Se quiser, mande tudo às favas e desvie de uma vez do caminho, em busca da geladeira mais próxima e do santo graal que ela abriga: a cerveja gelada. Na mais radical das hipóteses, esqueça a ressaca do dia seguinte, e se abrace com um leniente toddynho.
Abriu? Tomou o primeiro gole? Pronto, pode ler o resto. Ao menos uma tentativa de pose outsider você terá. (Até mesmo se estiveres, hipotético leitor, entornando litros de chá verde.)
Não é fácil encarar alguém como Charles Bukowski. O velho Buk, ele merece. Ninguém fica indiferente. Odeia ou ama ou não acha nada demais (o que também já é demais, rsrs...)
Buk fez o que quase todos gostaríamos de ter feito. Chutou o balde pro infinito de Pascal, e dinamitou os planos de uma vida estável que qualquer pai almeja para seus filhos. Charles queria mesmo era mergulhar na diáspora da dispersão desviante. De forma tensa e definitiva. Uma aventura. Ou mil epopeias.
Ah, o instituto do politicamente correto... Meu Deus... Buk tocaria fogo neste instituto, em plena luz do dia, perante o capitólio. Não duvidem.
Com esse impulso juvenil, tornou-se personagem de si mesmo, enchendo a cara, envolvendo-se a mil por hora com o submundo, para depois escrever com uma clareza cortante sobre suas experiências. Quando escrevia, não raro, encontrava-se várias dose acima do planeta Júpiter.

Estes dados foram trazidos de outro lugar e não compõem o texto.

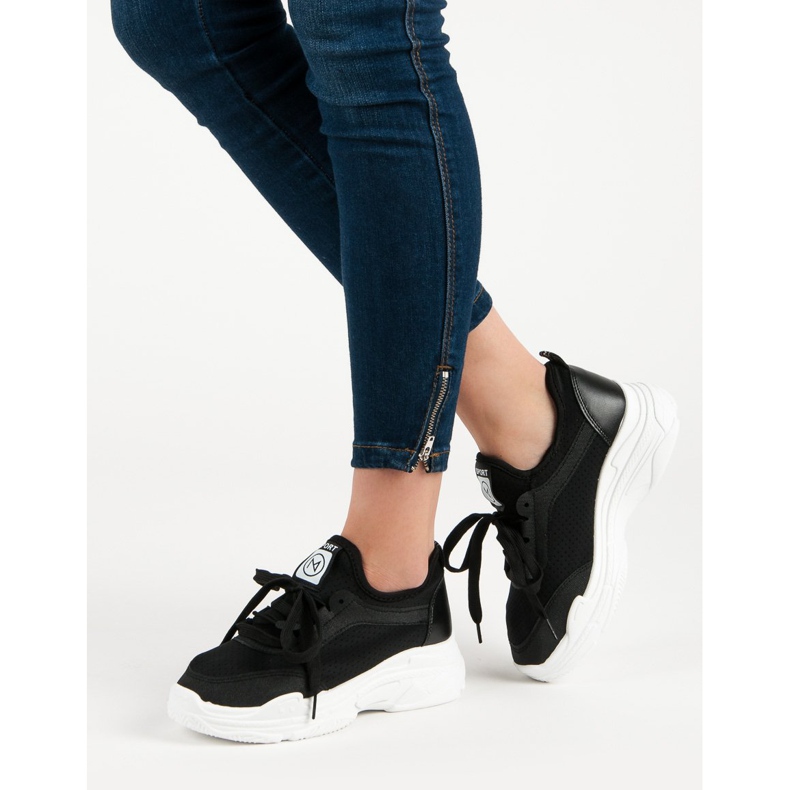 Mckeylor Calçado desportivo preto 2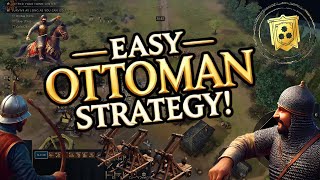 Age of Empires IV: Gold Medal Every Time! Ottoman Art of War Strategy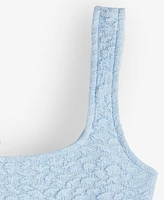 On 34th Women's Textured Knit Tank Top, Exclusively at Macy's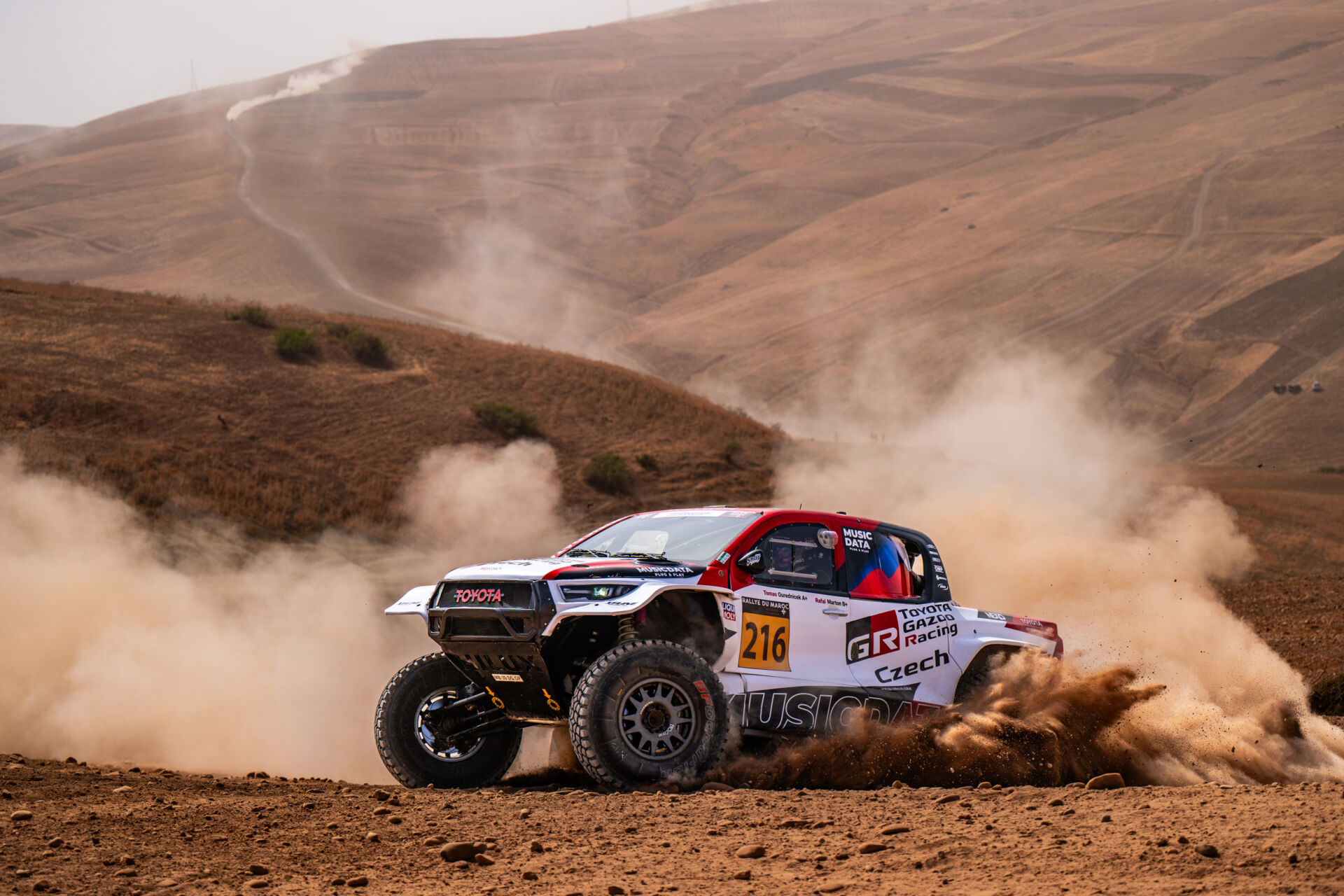 Rallye du Maroc 2025 Rallye du Maroc 2025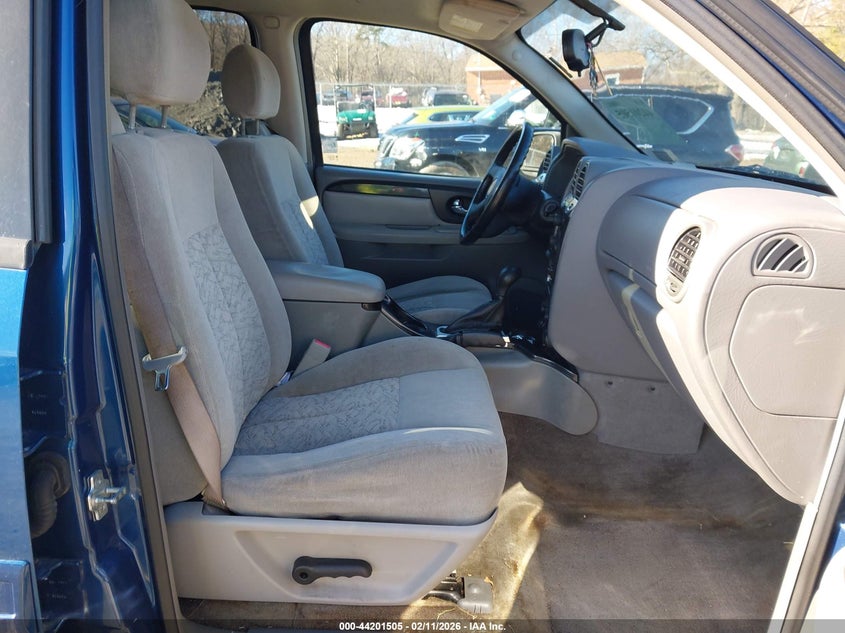 2005 GMC Envoy Xl Sle
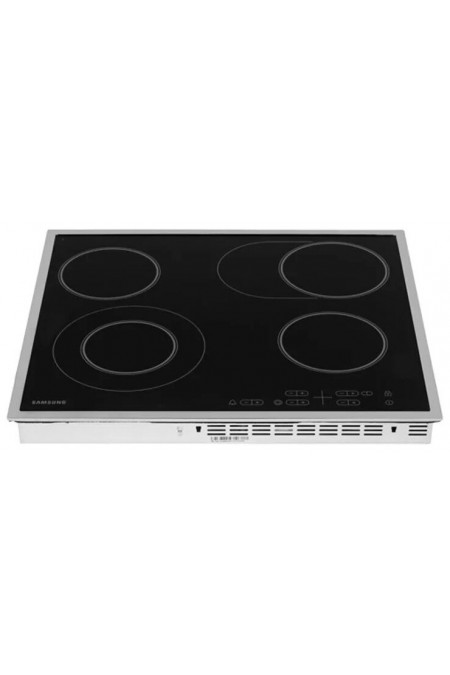 Газовая варочная панель Samsung NZ64T3516CK/WT (черный) 1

Na coletânea de contos "A mulher mais linda da cidade", o leitor pode conferir algumas dessas histórias vividas e criadas pelo autor.
Sem papas na língua, Bukowski vai direto ao que interessa. Tanto no estilo narrativo, quanto na vida. Dá respostas que a maioria das pessoas gostariam de dizer, mas se calam, entaladas com os sapos que engoliram. Sua atitude pode até parecer desagradável, embora seja um libelo de sinceridade em meio a tanta hipocrisia.
Representa uma verdade dura e, talvez por isso mesmo, incapaz de ser encarada por alguém que leva a vida como se fosse o chefe do clã "tradição, família e propriedade." No conto "Você aconselharia alguém a ser escritor?" , essa ideia fica bastante clara, inclusive para o austero meio acadêmico dos Estados Unidos, que recebeu petardos Bukowskianos.
Contratado para dar palestras a estudantes universitários, Bukowski é alçado ao status de irmão mais velho, conhecedor dos pecados mais subterrâneos. A sua simples presença serve como um grito de protesto, uma retomada do espírito rebelde de gente que um dia foi jovem e não seguia - nem com J. Edgar Hoover fungando no cangote - as imposições do sistema.
O interessante é que Bukowski percebe o papel exótico que interpreta aos olhos de todos. Reconhece seus defeitos, sabe que a bebedeira e as apostas em cavalos são apenas subterfúgios para suportar ou escapar da vida. (Maiakovski, eterno, gigante, já havia, desde os anos 20, decretado: nesta vida/morrer não é difícil./ O difícil é a vida/e seu ofício.)
Mas ao mesmo tempo, também enxerga como uma prisão a rotina formal do trabalho. Resultado: das duas opções que lhe restam, prefere o convívio com ex-detentos, ladrões e viciados.
Apesar de exaltar seu estilo de vida, há uma certa melancolia nas palavras de Bukowski. Talvez pela consciência de que seguiu esse caminho por uma questão de sobrevivência e não por diversão. Quando sóbrio, ele parece não se misturar inteiramente com o submundo, o bas fond; mantém uma certa distância que só se desfaz completamente após alguns goles de qualquer líquido com um teor alcoolico acima do normal.
Ao soar o repique desses momentos, é que ele encarna o personagem e manda todo mundo pra...
Bem, vocês sabem o fim da frase. Não sou como o velho Buk.
De outsider só tenho mesmo a terrível patologia que se chama dependência química de nicotina.